A common theme in the June Rebellion trials is that almost everyone tries to pretend that they were somewhere else during the insurrection, they never saw a barricade, they wouldn’t recognize a barricade if they did see one, they’re not sure which end of a gun the bullets come out of, they have no idea how their mouth became covered in gunpowder, they have no designs against the government and they love the king. In the face of long prison sentences and the looming threat of the guillotine, very few had the courage to stand by their beliefs.
Jules-Stanislas Forthom is one of the rare exceptions. He claims his place among the Lesser-Known Badasses not so much for what he did during the rebellion itself as for what he said afterwards.

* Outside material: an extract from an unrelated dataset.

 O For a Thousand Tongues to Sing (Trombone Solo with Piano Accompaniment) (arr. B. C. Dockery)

On the morning of the 6th, a barricade was erected at the corner of the Rue Beaubourg and the Rue Petits-Champs-Saint-Martin so that insurgents could fire on troops passing along the Rue Saint-Martin, at the time a major thoroughfare through the city. Forthom, a twenty-two-year-old fruit vendor who lived in the neighborhood, went to the houses of the local National Guardsmen and demanded they give up their weapons. They all said ‘Lol no,” but he did manage to get a gun from somewhere, and he succeeded in forcing a nearby house and a wineshop to keep their doors open. “If you don’t hold the door open I’ll fuck you in the stomach with my rifle,” he told the porter of the house.
Everyone in the neighborhood saw him casting bullets, loading his rifle and going over to the barricade to shoot at the troops, and he was captured still armed and with his face blackened with gunpowder. He claimed he’d been drunk and the other insurgents forced him to do it, but the jury was not impressed. They convicted him of attempted murder with premeditation and without extenuating circumstances, and he was sentenced to death.

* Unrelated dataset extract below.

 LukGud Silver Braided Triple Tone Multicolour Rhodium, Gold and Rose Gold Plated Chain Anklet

In a strange way Forthom dodged a bullet with his death sentence, because he had a previous criminal conviction for theft. If he’d been sentenced to the lesser penalty of forced labor he would probably have been sent to the bagne as a common criminal without being granted the usual commutation to imprisonment that was offered for political crimes. But because it was a death sentence, it was commuted to life imprisonment like all the other June Rebellion death sentences, and he ended up at Mont-Saint-Michel with the other political prisoners.
In October of 1834 there was a terrible fire at Mont-Saint-Michel, and the political prisoners showed “the most commendable zeal and courage” in helping to put it out, thereby saving many of the prison buildings and the private homes on the island. The Minister of the Interior (Adolphe Thiers, ironically) and the Minister of Justice wrote to the king and asked him to pardon the prisoners as a reward for their bravery. Twenty-five of the prisoners who helped to fight the fire were immediately released.

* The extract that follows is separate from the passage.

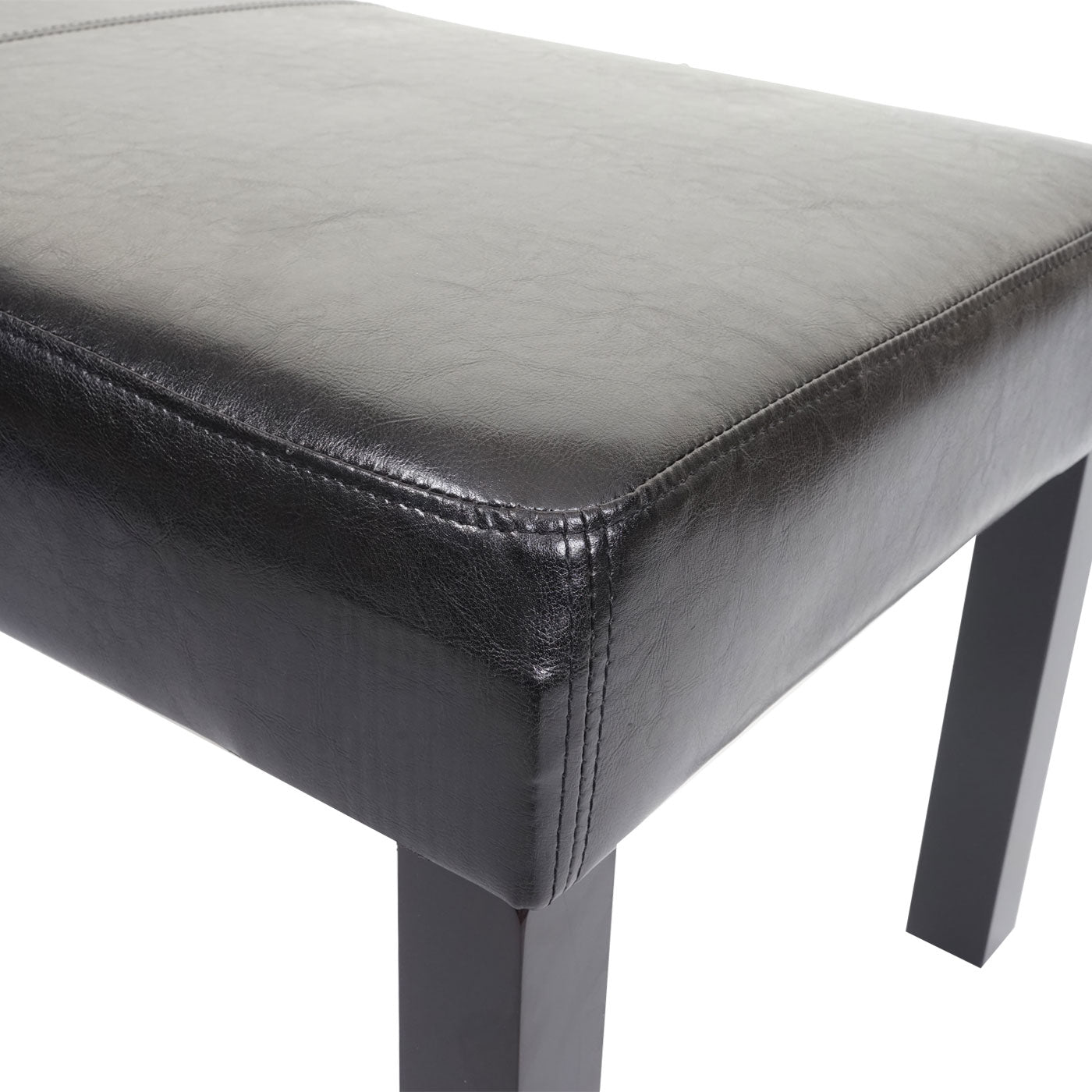 Bank Gestoffeerde bank Bank M37 kunstleer ~ 180x43x49 cm glanzend zwart, donkere poten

Forthom and a guy named Pierre-Nicolas Vallot who’d been imprisoned for trying to bust political prisoners out of Sainte-Pélagie back in April 1832 could not be released because “the exaltation of their opinions does not allow us to ask for a full pardon”. Instead Forthom’s life sentence was commuted to four years of imprisonment. He was only released in October of 1836 after a second round of pardon applications, and he was placed under continuing police surveillance.
There’s no record of exactly what opinion he “exalted” to condemn himself to another two years in prison, but I’m assuming the conversation went something like this:
Monsieur le Directeur: “You’ve been locked up in this hellish island prison for over a year now, and thanks to the horrible fire in which we all nearly died you may finally have a chance to get out. Do you think you can be civil about the king for like five minutes so that we can get you a pardon?”
Forthom: “Fuck that guy in the stomach with a rifle.”